Liverpudlian Lancel is best known for his work as tough-taking DI Manson on the long-running ITV drama The Bill and also as Frank Foster on Coronation Street, a role which earned him Villain of the Year in the British Soap Awards.
What makes the week at the Millennium Forum Lancel’s perfect storm is his reprisal of the role of Captain Georg von Trapp.
“It is first and foremost a magical show,” he says.
“There’s something very special about The Sound of Music and even though it is very well known, or maybe because of that, people still flock to it.
“First and foremost the music. It is a message of hope. For two and a half hours you can sit and just be involved in this magical journey of the good guys and the bad guys, hope, love and children. It ticks a lot of boxes.”
Although he had been involved in musical theatre before his breakout roles in television, his previous incarnation as Captain von Trapp was his first big West End musical production.
“I had been involved a lot with musicals earlier in my career and it was while I was directing a musical show that I met my wife, who was choreographer,” he recalls.

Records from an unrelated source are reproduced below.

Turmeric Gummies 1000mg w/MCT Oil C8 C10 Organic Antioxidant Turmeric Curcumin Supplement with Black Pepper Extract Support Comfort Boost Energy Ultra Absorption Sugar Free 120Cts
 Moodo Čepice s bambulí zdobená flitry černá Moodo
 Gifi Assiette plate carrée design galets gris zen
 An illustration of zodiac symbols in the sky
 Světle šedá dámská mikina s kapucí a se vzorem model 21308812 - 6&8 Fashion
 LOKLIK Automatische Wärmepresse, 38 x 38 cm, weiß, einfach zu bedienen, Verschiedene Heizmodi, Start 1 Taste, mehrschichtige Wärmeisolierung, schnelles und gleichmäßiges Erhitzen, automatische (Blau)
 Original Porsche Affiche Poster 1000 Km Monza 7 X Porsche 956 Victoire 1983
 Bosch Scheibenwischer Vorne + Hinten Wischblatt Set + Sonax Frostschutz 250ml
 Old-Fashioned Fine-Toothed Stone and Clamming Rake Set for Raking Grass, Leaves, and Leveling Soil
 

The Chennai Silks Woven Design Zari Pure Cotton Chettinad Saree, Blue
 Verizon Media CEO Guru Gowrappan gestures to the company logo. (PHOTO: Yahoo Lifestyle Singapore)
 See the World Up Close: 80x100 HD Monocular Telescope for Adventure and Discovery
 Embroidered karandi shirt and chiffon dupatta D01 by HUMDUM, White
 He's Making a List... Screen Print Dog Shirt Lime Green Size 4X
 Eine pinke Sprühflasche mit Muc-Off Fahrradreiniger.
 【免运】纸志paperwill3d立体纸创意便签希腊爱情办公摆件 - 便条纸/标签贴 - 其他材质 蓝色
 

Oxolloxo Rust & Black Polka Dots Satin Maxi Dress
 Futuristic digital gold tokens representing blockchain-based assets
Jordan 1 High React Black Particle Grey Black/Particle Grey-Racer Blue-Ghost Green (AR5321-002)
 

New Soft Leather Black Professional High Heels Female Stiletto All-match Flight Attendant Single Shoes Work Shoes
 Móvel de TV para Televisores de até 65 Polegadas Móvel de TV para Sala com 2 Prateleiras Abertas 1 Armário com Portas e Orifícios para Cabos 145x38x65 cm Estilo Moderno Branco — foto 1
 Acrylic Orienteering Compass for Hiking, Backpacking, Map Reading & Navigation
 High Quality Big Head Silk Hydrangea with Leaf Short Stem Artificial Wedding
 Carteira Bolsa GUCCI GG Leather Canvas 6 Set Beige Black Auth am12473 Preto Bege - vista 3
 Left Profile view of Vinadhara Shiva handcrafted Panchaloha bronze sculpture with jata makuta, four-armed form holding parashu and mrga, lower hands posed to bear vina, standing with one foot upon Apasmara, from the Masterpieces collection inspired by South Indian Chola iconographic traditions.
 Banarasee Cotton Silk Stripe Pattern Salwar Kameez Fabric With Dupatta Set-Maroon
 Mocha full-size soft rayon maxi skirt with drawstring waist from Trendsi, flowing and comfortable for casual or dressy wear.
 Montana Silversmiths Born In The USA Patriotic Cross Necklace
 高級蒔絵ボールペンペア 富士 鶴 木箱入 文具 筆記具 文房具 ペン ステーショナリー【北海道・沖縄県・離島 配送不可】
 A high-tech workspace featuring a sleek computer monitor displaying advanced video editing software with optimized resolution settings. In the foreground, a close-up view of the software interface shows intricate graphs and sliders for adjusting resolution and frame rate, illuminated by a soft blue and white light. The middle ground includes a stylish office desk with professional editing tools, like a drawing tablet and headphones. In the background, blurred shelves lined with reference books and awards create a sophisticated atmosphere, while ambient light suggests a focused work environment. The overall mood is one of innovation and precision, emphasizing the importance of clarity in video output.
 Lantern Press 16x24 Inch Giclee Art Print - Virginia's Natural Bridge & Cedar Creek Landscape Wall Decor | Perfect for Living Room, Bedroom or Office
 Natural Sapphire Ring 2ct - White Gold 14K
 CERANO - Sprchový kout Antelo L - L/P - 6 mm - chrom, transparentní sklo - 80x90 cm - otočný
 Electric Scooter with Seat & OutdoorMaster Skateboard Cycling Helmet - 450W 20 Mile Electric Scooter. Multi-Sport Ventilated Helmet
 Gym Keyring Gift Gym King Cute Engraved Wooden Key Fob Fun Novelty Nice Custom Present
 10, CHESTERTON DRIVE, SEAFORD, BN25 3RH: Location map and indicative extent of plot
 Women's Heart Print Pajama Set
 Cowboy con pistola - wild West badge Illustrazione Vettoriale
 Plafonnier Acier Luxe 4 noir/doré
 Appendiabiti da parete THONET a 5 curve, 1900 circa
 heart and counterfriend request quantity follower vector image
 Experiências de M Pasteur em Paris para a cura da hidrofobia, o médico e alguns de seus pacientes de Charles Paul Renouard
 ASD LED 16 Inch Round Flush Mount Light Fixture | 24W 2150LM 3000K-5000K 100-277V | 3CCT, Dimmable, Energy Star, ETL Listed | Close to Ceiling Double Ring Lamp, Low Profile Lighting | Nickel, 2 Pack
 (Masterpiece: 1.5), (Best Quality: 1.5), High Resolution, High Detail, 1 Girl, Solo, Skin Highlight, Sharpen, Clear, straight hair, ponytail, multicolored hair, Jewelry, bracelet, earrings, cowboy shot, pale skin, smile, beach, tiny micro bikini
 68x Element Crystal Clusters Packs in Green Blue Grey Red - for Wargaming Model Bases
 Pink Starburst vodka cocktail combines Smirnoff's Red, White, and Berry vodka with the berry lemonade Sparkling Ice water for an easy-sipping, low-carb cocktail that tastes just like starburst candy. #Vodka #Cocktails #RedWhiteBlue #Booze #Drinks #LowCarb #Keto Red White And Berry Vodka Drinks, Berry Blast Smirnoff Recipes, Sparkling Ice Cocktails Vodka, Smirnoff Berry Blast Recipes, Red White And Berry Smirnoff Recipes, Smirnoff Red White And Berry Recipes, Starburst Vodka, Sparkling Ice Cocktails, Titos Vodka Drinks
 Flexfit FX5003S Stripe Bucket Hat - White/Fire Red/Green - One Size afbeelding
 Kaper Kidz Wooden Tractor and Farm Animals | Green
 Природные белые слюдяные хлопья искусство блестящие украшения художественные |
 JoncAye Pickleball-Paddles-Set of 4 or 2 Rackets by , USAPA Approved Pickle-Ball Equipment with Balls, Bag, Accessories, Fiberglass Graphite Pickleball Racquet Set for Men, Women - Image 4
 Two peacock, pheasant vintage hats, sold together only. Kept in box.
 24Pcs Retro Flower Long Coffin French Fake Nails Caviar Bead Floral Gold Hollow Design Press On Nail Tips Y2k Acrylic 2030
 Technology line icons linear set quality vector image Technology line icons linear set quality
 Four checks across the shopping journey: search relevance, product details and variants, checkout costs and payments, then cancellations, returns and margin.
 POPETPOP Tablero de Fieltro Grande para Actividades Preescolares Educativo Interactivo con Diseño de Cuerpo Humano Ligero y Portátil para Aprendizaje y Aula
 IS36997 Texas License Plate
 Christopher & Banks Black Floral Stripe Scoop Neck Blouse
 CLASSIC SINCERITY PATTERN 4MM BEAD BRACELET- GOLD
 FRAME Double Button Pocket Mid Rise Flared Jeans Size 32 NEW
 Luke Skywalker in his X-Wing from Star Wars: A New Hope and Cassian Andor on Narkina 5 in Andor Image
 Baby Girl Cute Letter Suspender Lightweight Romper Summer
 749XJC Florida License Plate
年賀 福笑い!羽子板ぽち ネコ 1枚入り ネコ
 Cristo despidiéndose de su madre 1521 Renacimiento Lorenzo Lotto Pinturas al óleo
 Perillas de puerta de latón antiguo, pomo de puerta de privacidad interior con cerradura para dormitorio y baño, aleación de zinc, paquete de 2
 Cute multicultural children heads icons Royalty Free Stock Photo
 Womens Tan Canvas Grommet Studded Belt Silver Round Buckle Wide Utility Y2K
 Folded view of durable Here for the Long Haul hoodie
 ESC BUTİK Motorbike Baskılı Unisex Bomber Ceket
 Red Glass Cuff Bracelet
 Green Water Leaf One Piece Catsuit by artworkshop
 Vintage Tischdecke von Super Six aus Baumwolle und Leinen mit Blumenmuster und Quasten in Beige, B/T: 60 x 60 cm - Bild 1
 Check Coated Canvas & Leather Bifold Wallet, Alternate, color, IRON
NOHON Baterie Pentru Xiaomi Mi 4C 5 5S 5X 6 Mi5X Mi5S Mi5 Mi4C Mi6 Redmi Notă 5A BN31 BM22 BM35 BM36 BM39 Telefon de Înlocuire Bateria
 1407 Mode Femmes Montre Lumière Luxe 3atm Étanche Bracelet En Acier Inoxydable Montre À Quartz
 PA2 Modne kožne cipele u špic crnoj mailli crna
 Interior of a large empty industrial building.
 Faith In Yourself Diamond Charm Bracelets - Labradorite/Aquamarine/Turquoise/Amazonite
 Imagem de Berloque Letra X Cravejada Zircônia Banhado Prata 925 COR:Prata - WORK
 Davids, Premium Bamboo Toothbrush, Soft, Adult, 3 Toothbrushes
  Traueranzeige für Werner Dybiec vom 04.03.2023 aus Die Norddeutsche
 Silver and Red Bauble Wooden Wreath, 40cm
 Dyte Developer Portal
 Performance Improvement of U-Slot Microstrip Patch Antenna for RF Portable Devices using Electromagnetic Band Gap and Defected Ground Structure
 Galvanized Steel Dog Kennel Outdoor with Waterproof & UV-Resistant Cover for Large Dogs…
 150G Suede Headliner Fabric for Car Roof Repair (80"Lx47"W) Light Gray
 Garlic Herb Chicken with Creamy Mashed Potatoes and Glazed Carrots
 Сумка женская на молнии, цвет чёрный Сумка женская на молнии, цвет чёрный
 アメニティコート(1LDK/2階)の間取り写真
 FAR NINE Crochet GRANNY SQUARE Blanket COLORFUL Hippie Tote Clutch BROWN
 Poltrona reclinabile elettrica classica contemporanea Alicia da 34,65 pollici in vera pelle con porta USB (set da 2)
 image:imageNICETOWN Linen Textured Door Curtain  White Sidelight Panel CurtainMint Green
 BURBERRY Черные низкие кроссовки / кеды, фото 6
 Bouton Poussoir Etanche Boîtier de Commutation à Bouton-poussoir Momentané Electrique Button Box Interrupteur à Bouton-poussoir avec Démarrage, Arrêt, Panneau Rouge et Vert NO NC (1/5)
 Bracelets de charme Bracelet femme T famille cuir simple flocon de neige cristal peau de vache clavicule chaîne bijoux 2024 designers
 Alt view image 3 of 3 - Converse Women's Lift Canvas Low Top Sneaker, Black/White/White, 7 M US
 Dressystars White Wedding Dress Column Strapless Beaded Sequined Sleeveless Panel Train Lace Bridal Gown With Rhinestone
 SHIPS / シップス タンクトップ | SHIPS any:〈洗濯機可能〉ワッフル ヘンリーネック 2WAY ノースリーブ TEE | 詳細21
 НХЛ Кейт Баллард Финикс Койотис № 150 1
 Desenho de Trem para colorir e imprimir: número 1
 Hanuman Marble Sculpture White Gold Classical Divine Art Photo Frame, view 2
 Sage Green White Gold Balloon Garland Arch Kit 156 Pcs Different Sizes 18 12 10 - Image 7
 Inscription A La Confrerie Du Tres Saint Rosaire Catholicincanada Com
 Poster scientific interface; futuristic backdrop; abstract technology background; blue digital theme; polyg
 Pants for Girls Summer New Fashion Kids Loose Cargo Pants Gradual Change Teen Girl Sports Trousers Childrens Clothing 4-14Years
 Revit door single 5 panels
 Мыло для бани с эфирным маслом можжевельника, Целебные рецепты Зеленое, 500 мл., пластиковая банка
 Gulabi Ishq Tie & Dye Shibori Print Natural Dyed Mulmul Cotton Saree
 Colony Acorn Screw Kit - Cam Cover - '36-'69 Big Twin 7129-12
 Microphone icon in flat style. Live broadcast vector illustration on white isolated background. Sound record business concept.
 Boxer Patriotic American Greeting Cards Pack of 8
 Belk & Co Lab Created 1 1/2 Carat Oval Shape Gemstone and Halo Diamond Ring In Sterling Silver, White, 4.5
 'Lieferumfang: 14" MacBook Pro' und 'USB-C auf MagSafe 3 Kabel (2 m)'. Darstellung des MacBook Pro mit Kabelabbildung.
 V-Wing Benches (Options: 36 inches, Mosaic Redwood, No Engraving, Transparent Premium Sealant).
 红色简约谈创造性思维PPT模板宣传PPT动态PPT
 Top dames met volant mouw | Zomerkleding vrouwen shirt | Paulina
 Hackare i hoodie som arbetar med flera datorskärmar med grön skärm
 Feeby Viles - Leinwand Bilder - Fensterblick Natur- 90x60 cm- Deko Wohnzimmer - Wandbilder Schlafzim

“Then when I did The Sound of Music first time around, there was no question in my mind that I was going to come back and do this show again.
“To me, the film and the stage show are the same but different. Same characters, same music, with one or two different songs, a couple that aren’t in the film which are in the musical, There’s something about the songs which is eternal as well.
“There’s something about the music of Rodgers and Hammerstein as well. I’ve got a theory about it. Most songs have an introduction and theirs grab you right from the start of the song and that gives them their own kind of magical power.
“I think people forget how funny it is as a show as well. There are a lot of laughs.”
Lancel was a mainstay of The Bill cast when it was axed from the ITV schedules in 2010, after seven years on the show, a time he remembers with fondness.
“The Bill was incredible for me, but it was a lot of hard work,” he said.
“I have always lived up north apart from a little while in London and I had just moved back to Liverpool when I got the part in the Bill and it was difficult to manage that with a young family.
“And DI Manson is a tough character to have played for seven years.
“I think The Bill is massively missed now. People think it is still on because it’s still constantly shown on repeats, but we finished it ten years ago.
“I will always be very grateful to The Bill, very grateful to the character of DI Manson, very grateful to the writers.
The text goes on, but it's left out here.